Many vaccines must be kept at temperatures between two to eight degrees Celsius or they may spoil, but storing them in that narrow range of temperatures can be a challenge in remote areas with limited refrigeration. A redesigned cooler developed at the University of British Columbia could help address this problem.

The low-cost, low-tech cooler maintains vaccines at their optimal temperature for up to seven days in the field. It was designed by a team led by UBC associate professor of materials engineering Goran Fernlund in response to a request made by Lise Ellyin, country director for the Clinton Health Access Initiative, Inc. (CHAI) in Mozambique, in collaboration with the country’s Ministry of Health.

“Vaccines save hundreds of thousands of lives, but distribution in developing countries is a major global health problem,” said Fernlund. “When being delivered, vaccines might be put on the back of a motorcycle in a Styrofoam container, and they would often get too warm or even too cold because they’re right against an ice pack. When nurses inject the vaccine five or six days later, they have no way of knowing if it’s still effective.”
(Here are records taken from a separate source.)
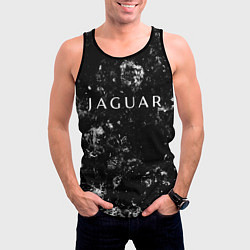 Майка-безрукавка мужская Jaguar black ice, цвет: 3D-черный — фото 2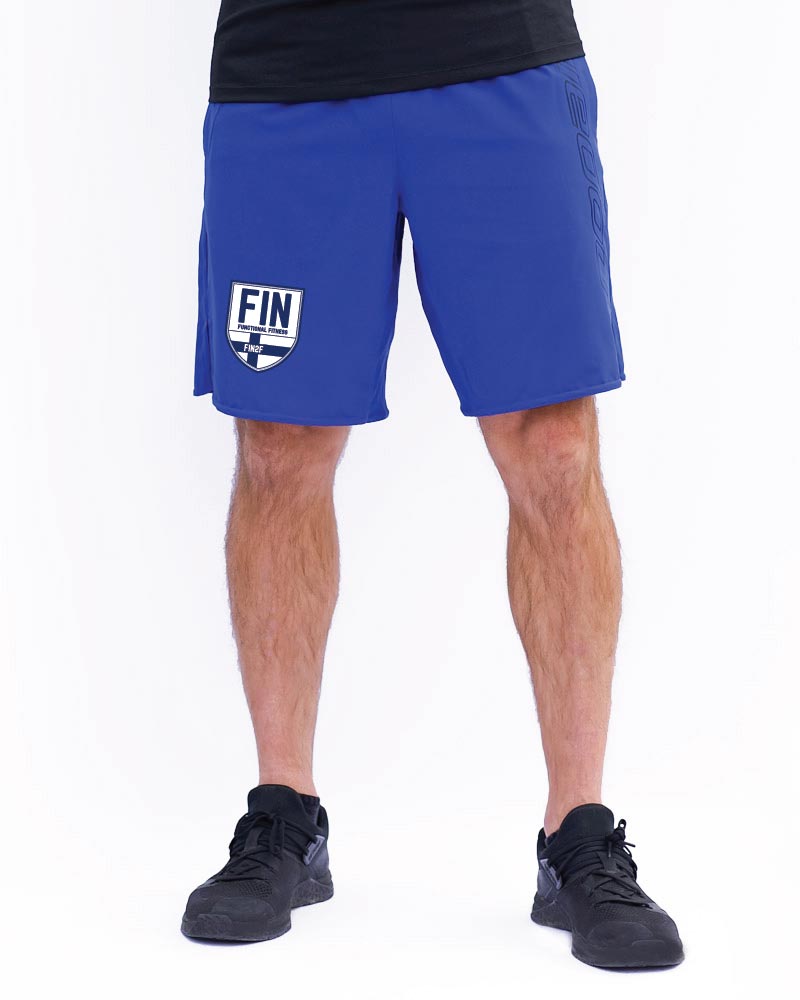 Miesten treenishortsit FIN2F, sky blue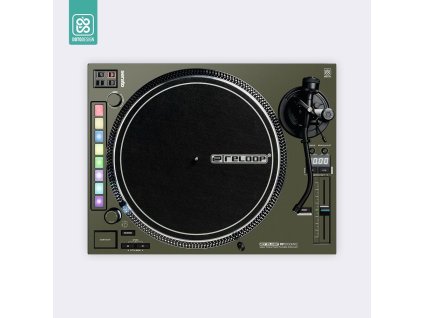 Doto Design Skin RP-8000 MK2 FULL COLORS Army Green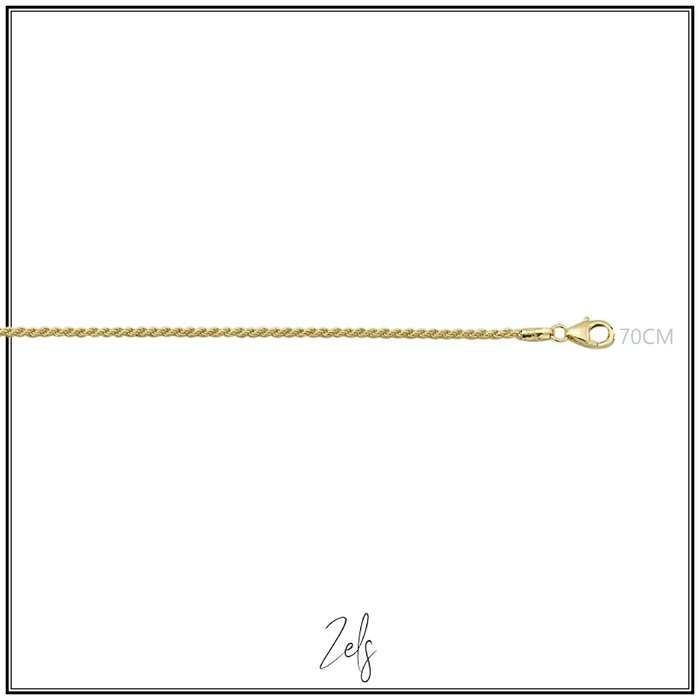 239965 01 Zels Zilver ketting 62257AK Juwelier Clem Vercammen.jpg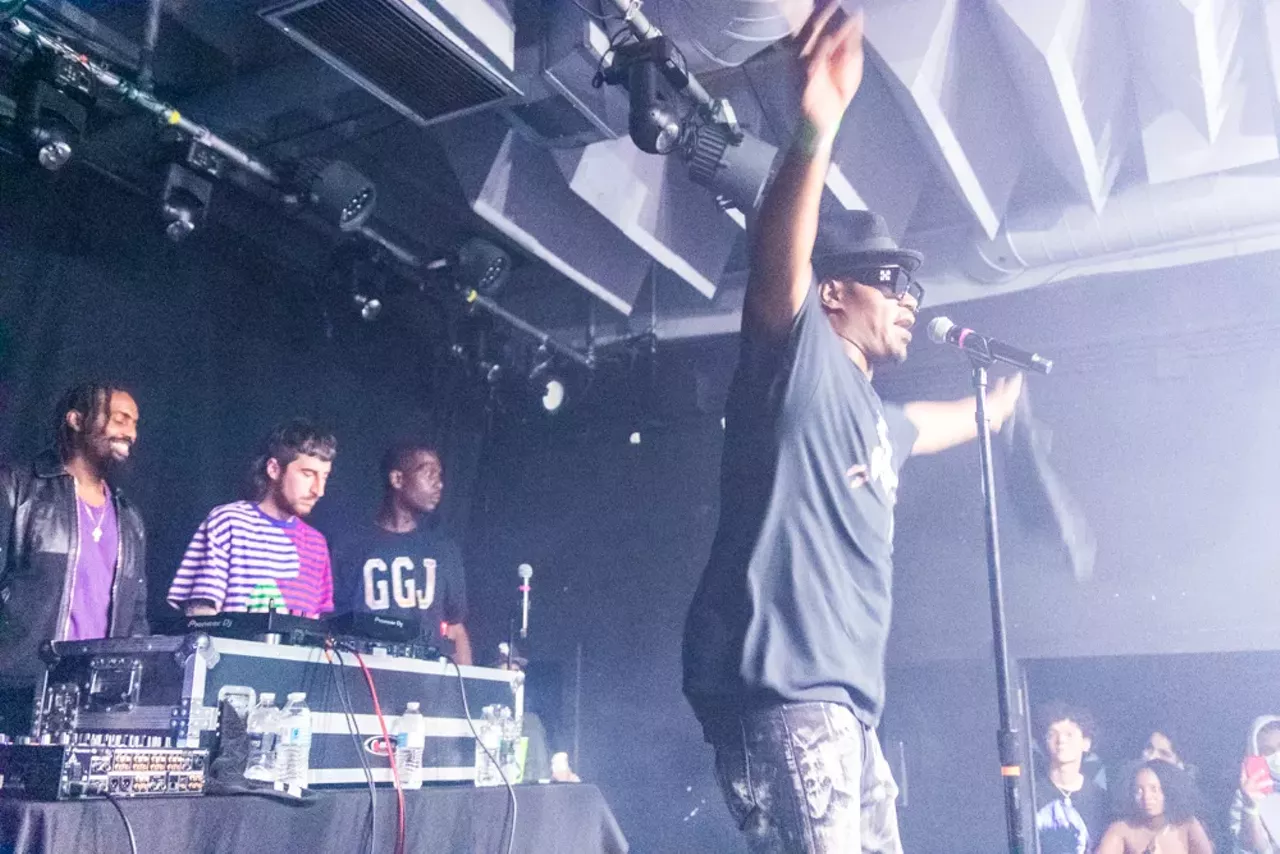 Image: Everyone we saw at El Club's re-opening with Danny Brown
Coolers currently in use for vaccine distribution typically place vaccines in close contact with ice packs. The solution designed by the UBC team consists of several compartments within an insulated box, with the vaccines stored in a central storage compartment surrounded by a very thin layer of insulation.

Two sides of the central compartment are cooled by ice packs, and two sides are exposed to ambient temperatures through contact with the cooler’s exterior walls. By carefully designing the size and shape of the various cavities, temperatures in the vaccine storage compartment remain within the optimal range of two to eight degrees Celsius for up to seven days.

With a grant from CHAI, the cooler was successfully piloted in Mozambique, where it was used to safely transport vaccines into the field. Under testing, vaccines stayed below eight degrees Celsius in 43-degree heat, and above two degrees in colder 10-degree conditions.

“With this cold box, we have the first tool of its kind that can transport large quantities of vaccines safely to the health facilities and ultimately to the child,” said CHAI’s Ellyin. “It’s an example of the public-private partnerships that CHAI and Mozambique’s Ministry of Health engage in with institutions like UBC to improve the country’s health care system.”

CHAI works to strengthen the capabilities of governments and the private sector in developing countries to create and sustain high-quality health systems that can succeed without assistance.

The UBC team included Navid Zobeiry and Casey Keulen, research associates at UBC’s composites research network.

“In engineering, we love to think about complex problems and complex solutions. But vaccine distribution in low-resource settings needs a simple solution that needs only ice – not refrigeration or high-tech apps or Bluetooth or Wi-Fi,” said Zobeiry.

Fernlund, Zobeiry and Keulen are now openly sharing their design in the hopes of finding a manufacturer to build and distribute the coolers more widely.